Enlightenment In Ehime

Old Tiger Henro 7

 By Arlene Bastion   Nov 11, 2016

Ehime, the third stage of the Shikoku Henro, is where pilgrims attain Enlightenment, a state of infinite knowledge, wisdom, and benevolence, after enduring the rigorous regimes of ascetic training. Some tough walking Henro testify they experience enlightenment as a feeling of nothingness, nothing hurts anymore, like a jogger’s high.

I have wondered whether I am a true henro. I choose temples at my convenience, even if justified, and I am still not walking the talk, getting to each and every temple no matter the odds. Enlightenment might be viewed less esoterically, though, or so I’m hoping. There might be other ways of seeing the light, or seeing other kinds of light. For me, enlightenment comes in the very prosaic form of mere learning, experience, and knowledge, a non-Eureka daily event as a henro. I’m floating, as it were, on a different astral plane.

The four stages of the Shikoku Henro are anyway extremely religious, demarcated by pioneer monks and pilgrims as a spiritual progression towards an ultimate Nirvana. They may, wrongly or rightly, appear to be all about doom and gloom as the only portals through which  Enlightenment springs forth. This is rooted in history. We wear the white jacket because it symbolizes purity, but it is also the white of the shroud that early pilgrims who died from the horrors of the pilgrimage hoped to be buried in. To get to the point, the early pilgrims wore white in case they died on the spot. Hopefully they died happy, as henro, on the Henro. It is as Shakespeare noted, “If twere now to die, twere now to die most happy.”
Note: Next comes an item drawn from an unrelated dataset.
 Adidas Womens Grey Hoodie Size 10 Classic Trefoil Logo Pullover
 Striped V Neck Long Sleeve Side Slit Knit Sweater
The Henro’s beliefs are derivative of Shugendo, which has been seen as the underpinning force of the Henro. It is a brew of ascetic Buddhism and Shintoism, intertwined with dominant streaks of animism, mountain, and nature worship. In Matsuyama, Ehime, I have so far visited Joruriji Temple 46, Yasakaji Temple 47, Sairinji Temple 48, and Jodoji Temple 49. All displayed prominent signs of Shugendo.

At Joruriji, henro chanted Buddhist sutras looking on at multi-colored origami chains I’ve seen at Shinto shrines. Strange old and worn out relics also hung around. Old Juzo slept side by side with old moss covered sacred boulders and a sacred trees. Joruriji houses a Buddha of Healing. It also contains a stone image of Buddha's foot prints on a pedestal, with the belief that if you were able to stand with bare feet on the foot prints, all achy feet and leg pains would disappear. Nah, didn’t do it.

Jodoji appeared Shinto, but inside the Main Shrine were Buddhist ornaments, with mini Buddha juzo statues. At Yasakaji, ash remnants were visible from a fire walking ritual for a fierce looking God.

Here are the 10 Pilgrim Commandments:

I will not harm life, steal, commit adultery, tell a lie, exaggerate, speak abusively, equivocate, be greedy, be hateful or lose sight of the truth.

They are actually the rules for how to behave on the Henro. But anything helps towards Enlightenment, right?